The Department of Health and Human Services (HHS) is delivering $11 billion in new funding to support testing for COVID-19. The Centers for Disease Control and Prevention (CDC) will provide $10.25 billion to states, territories, and local jurisdictions through CDC’s existing Epidemiology and Laboratory Capacity for Prevention and Control of Emerging Infectious Diseases (ELC) cooperative agreement. The Indian Health Service (IHS) will provide $750 million to IHS, tribal, and urban Indian Health programs to expand testing capacity and testing-related activities. A detailed allocation and distribution methodology will be announced for the IHS funds in the coming days. This funding is part of the Trump Administration’s broader effort to ensure that states, territories, and tribes have the resources necessary to meet their testing goals as they begin to reopen.

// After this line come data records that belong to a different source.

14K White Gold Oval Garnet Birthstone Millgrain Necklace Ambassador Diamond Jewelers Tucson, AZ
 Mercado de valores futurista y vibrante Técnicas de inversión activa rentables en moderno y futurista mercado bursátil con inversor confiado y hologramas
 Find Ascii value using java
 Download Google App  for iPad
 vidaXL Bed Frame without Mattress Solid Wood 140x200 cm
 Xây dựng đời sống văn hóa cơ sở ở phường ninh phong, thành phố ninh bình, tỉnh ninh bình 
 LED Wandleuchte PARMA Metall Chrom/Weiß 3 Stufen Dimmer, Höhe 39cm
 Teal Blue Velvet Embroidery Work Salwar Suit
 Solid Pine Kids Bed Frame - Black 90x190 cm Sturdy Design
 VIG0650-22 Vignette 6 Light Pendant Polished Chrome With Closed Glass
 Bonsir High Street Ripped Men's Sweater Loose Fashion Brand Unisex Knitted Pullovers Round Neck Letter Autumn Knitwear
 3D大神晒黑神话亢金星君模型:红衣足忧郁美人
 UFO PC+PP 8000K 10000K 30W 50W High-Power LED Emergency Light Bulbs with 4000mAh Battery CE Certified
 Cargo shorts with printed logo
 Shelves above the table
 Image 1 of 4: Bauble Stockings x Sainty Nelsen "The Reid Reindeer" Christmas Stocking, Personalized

This funding from the Paycheck Protection Program and Health Care Enhancement Act will provide critical support to develop, purchase, administer, process, and analyze COVID-19 tests, conduct surveillance, trace contacts, and related activities. These funds, along with the previous funding support CDC and IHS provided, will help states, tribes, and territories with their efforts to re-open America.
“This funding secured by President Trump for state, tribal, and local public health activities is a historic investment in America’s ability to track and control the spread of the virus, which is essential to a safe reopening,” said HHS secretary Alex Azar. “For the sake of all Americans’ health and well-being, we must help Americans get safely back to work and school, and that requires continued expansion of testing, surveillance, and contact tracing. The Trump Administration stands ready to support and guide states in their life-saving work to combat the virus and reopen our country.”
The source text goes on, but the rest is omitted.